Citation: Hao W, Lenhart S, Petrella JR (2022) Optimal anti-amyloid-beta therapy for Alzheimer’s disease via a personalized mathematical model. PLoS Comput Biol 18(9): e1010481. https://doi.org/10.1371/journal.pcbi.1010481
Editor: Adrianne Jenner, Queensland University of Technology, AUSTRALIA
Received: March 18, 2022; Accepted: August 10, 2022; Published: September 2, 2022
Copyright: © 2022 Hao et al. This is an open access article distributed under the terms of the Creative Commons Attribution License, which permits unrestricted use, distribution, and reproduction in any medium, provided the original author and source are credited.
Data Availability: There are no primary data in the paper; all data is available at https://adni.loni.usc.edu/ and our code is published through https://github.com/whao2008/AD_optimal_control.
Funding: WH was supported in part by National Science Foundation (NSF) DMS-2052685 (https://nsf.gov/). JRP was supported in part by NSF DMS-2052676 (https://nsf.gov/). The funders had no role in study design, data collection and analysis, decision to publish, or preparation of the manuscript.
Competing interests: The authors have declared that no competing interests exist.
Introduction
Alzheimer’s disease (AD) affects more than 5 million people in the U.S. and is recognized as one of the leading global health priorities of the 21st century [1]. On June 7, 2021, the U.S. Food and Drug Administration (FDA) granted accelerated approval for the first-ever disease-modifying therapy for AD, aducanumab, a monoclonal antibody directed against amyloid-beta protein. This therapy has been shown to effectively remove amyloid plaques from the brain. Still, however, questions remain regarding the efficacy of removing amyloid plaques for preventing or delaying cognitive decline [2]. This uncertainty, combined with the 99% failure rate of trials of other classes of AD treatments, is rooted in an incomplete understanding of the complex mechanisms resulting in AD, and how disease trajectory and response to treatment may vary individual-to-individual. It is likely, therefore, that personalized treatment will need to play a central role in the future management and counseling of patients with AD [3, 4]. Tailored approaches to treatment will be facilitated by the growing availability of electronic data in AD subjects and those at risk. Two components are necessary to realize this idea: first, an abundance of longitudinal data to cover many physiological aspects of individuals when they are healthy and possibly into disease [5]; second, computational methods and models capable of analyzing and integrating this data on a large scale [6].

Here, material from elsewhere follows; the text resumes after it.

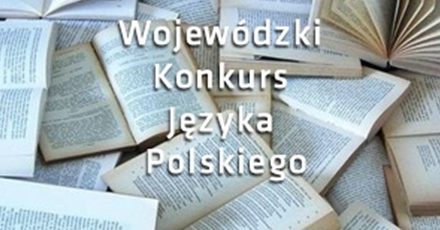 Wyniki Wojewódzkiego Konkursu Języka Polskiego – etap rejonowy 2025/2026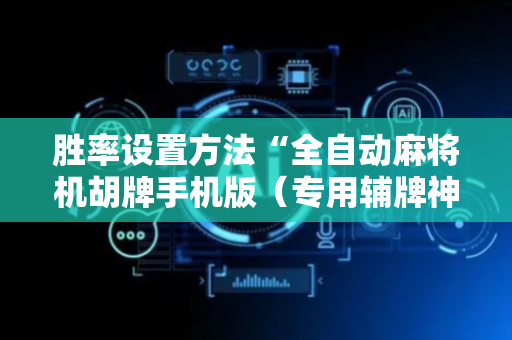 胜率设置方法“全自动麻将机胡牌手机版（专用辅牌神器免安装）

Although computational modeling is still an emerging field in the study of AD, several mathematical models have been developed based on systems biology approaches to AD molecular and cellular patho-physiologic mechanisms. Our group, for example, built a model based on AD signaling pathways using a system of partial differential equations (PDEs) [7]. This model has been used to simulate and validate at a cellular level the mechanisms underlying the failure of several drugs in recent clinical trials. Because the variables in this and similar mechanistic models cannot be measured directly in living subjects, simulated treatment studies can only be performed at the population, rather than individual patient, level. Treatment dosage and regimen, therefore, might not be optimal for each individual. Over the past two decades, several clinical biomarkers of AD patho-physiologic progression have been developed to track disease progression in patient-oriented research. Broadening our previous mathematical modeling approach, based on molecular and cellular mechanisms, to these key AD clinical biomarkers, we developed a sparse cascade model to include pathologic hallmark biomarkers (amyloid beta and tau), neuronal loss biomarkers, and cognitive impairment using a system of ordinary differential equations (ODEs) [8].
In this paper, we develop a novel personalized treatment optimization framework based on a mathematical modeling approach. Our contribution is the following:
- we develop a sparse empirical cascade model of AD progression to include only clinical biomarkers of beta-amyloid and taupathology, neuronal degeneration, and cognitive impairment;
- we parametrize the model on a multicenter dataset with available cerebrospinal fluid (CSF), MRI and cognitive biomarkers to build a personalized model for each individual;
- we perform personalized therapeutic simulation studies for AD and late mild cognitive impairment (LMCI) subjects via application of optimal control theory and corresponding numerical results with our mathematical model.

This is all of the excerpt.